Entrevista com  José Alcino Alano
Como surgiu a idéia de criar um aquecedor solar utilizando material reciclável?

A idéia surgiu de uma vontade pessoal de fazer algo para ajudar a preservação do meio ambiente. Como eu conhecia bem o funcionamento do aquecedor convencional, e sabia a respeito dos danos que as embalagens causam à natureza, resolvi montar o aquecedor solar a partir do material reciclável. Graças a Deus, o experimento deu certo!

 

 


O senhor já trabalhava com isso, tinha algum conhecimento sobre energia alternativa?

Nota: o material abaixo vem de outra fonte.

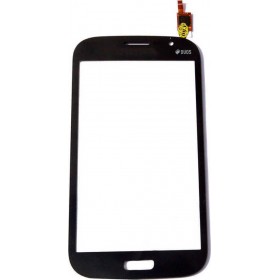 Μηχανισμός Αφής για Samsung i9082 Galaxy Grand Μπλέ με Κόλλα (Μπλε)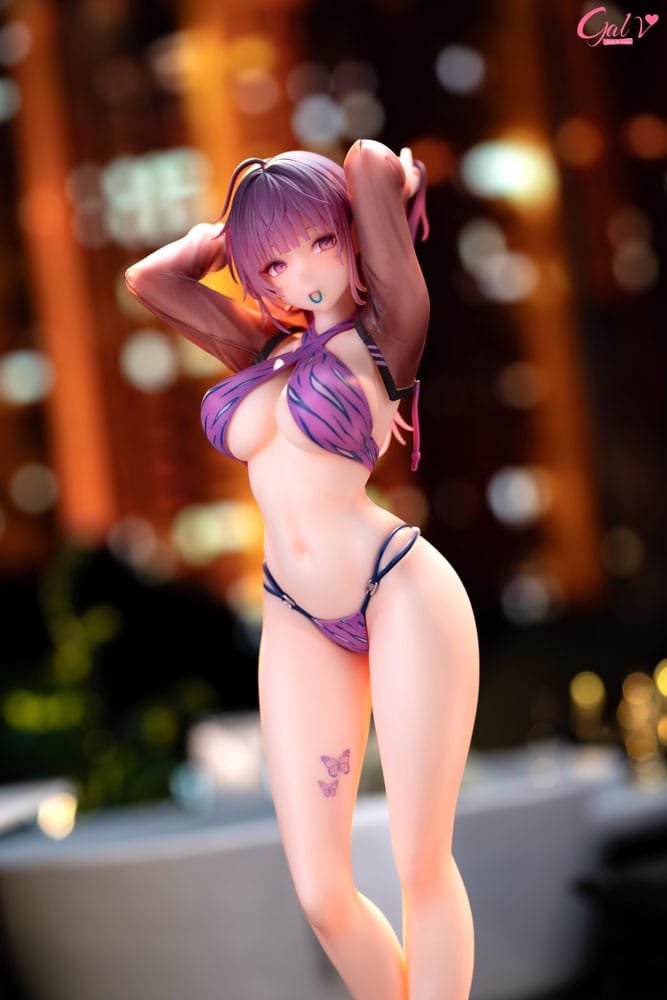 Original Character PVC Statue 1/6 Preparing for a Date Shiso Illustration by myabit Regular Edition 30 cm Image 12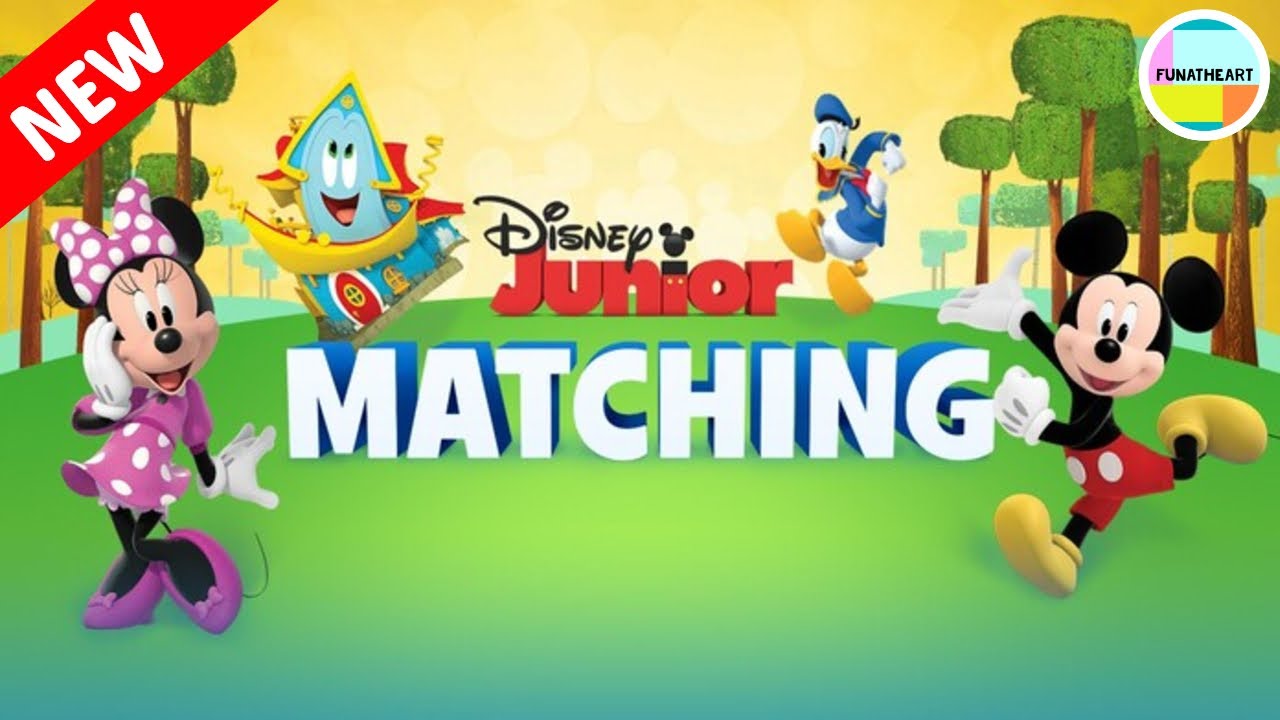 Disney Junior Matching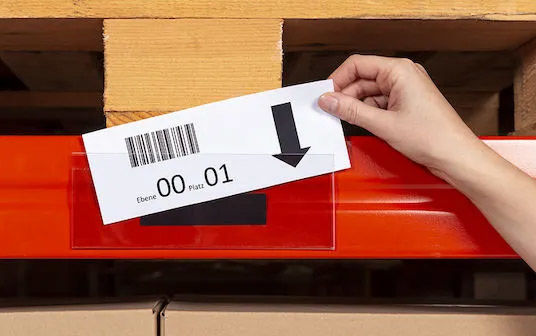 Opmærkning af Lager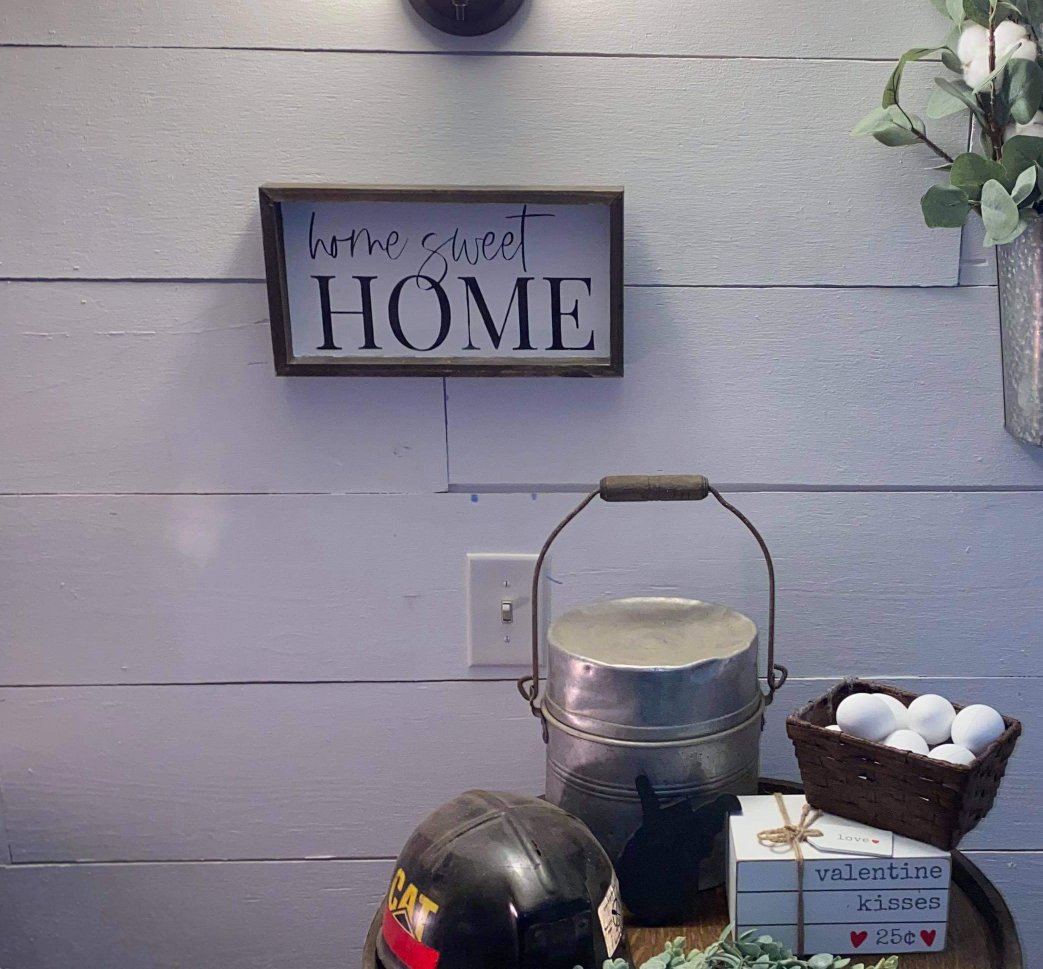 Home Sweet Home Sign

Na realidade, eu trabalhava com eletromecânica. O projeto deu certo porque sempre tive muito interesse pela energia solar e, ao mesmo tempo, pelo desperdício de embalagens, que sempre achei um crime contra o meio ambiente. A garrafa PET e a caixa de leite, por exemplo, são dois “venenos” para o meio ambiente. Quando era mais novo, não havia essa variedade de embalagens que vemos hoje! Além disso, a energia solar é gratuita e não gera impostos. Seria muito bom se todos adotassem esse projeto...

Além desse, há algum outro projeto em vista?

Sim, a cadeira para deficientes físicos. Meu objetivo é dar mais qualidade de vida não só aos pacientes como à família. Muitos doentes ocupam leitos hospitalares porque não têm condições físicas para se deslocarem. Mais uma vez, meu foco é a população de baixa renda.

Qual a importância das escolas estarem envolvidas neste processo, do ponto de vista da cidadania e da educação ambiental?

Percebo que os jovens são interessados nos problemas sociais e muitos querem mudar ou questionar a atitude dos mais velhos. Saber aproveitar esse interesse das crianças e dos jovens é uma forma inteligente de mudar o mundo e solucionar diversos problemas. Afinal, são eles que estarão à frente de tudo, daqui a alguns anos. Precisamos estimular essa conscientização hoje para colhermos bons frutos amanhã. Além da escola, é preciso que, em casa, haja diálogo e bons direcionamentos a esses jovens. Não podemos esperar atitudes do governo, temos que agir por conta própria. Cada um faz a sua parte e a soma disso será um mundo com muito mais qualidade.

O projeto do aquecedor solar já está em funcionamento?

Sim, em várias regiões o aquecedor já está funcionando com muito sucesso! Em Santa Catarina existe uma parceria com a CELESC (Centrais Elétricas de Santa Catarina), e contamos com este apoio para a instalação de trinta projetos em dezesseis regionais. É importante deixar claro que essa iniciativa trata-se de um trabalho voluntário, sem retorno financeiro. Também fizemos uma parceria com o governo do Paraná, através da SEMA (Secretaria de Estado do Meio Ambiente e Recursos Hídricos) e de suas vinculadas, IAP (Instituto Ambiental do Paraná) e SUDERHSA (Superintendência de Desenvolvimento de Recursos Hídricos e Saneamento Ambiental). Por meio dessa parceria, serão instalados aquecedores solares em 12 mil casas em diversas regiões do estado do Paraná.

Há quanto tempo existe o projeto?

Em 2002 instalei o primeiro aquecedor na minha residência. Em 2004, inscrevi-me para um concurso e ganhei o Prêmio Super Ecologia 2004, oferecido pela Revista Super Interessante. Pouco tempo depois, participei do programa “Globo Ecologia”, em Santa Catarina, onde fizemos uma demonstração do projeto. Nesse sentido, a imprensa nos auxiliou muito na divulgação do experimento e nos possibilitou mostrar que nossa intenção é simplesmente cuidar do meio ambiente e, ao mesmo tempo, ajudar as pessoas mais carentes.

E quanto à economia, há alguma estimativa de redução da energia elétrica com o uso do aquecedor solar?

Uma residência pode ter uma economia de 20 a 30% com o aquecedor.

Como foi divulgar o seu experimento para as Escolas Associadas da UNESCO?

Recebi um convite de D. Myriam Tricate, diretora do Colégio Magno e coordenadora nacional das Escolas Associadas da UNESCO, para realizar a oficina para os educadores. Não tive dúvidas em querer mostrar esse trabalho para as escolas! Acredito muito na educação desse país e na possibilidade dos colégios disseminarem importantes idéias e conceitos para os jovens! Tenho um profundo respeito pelos professores, acho uma das profissões mais dignas que existem. A eles confiamos boa parte da educação dos nossos filhos!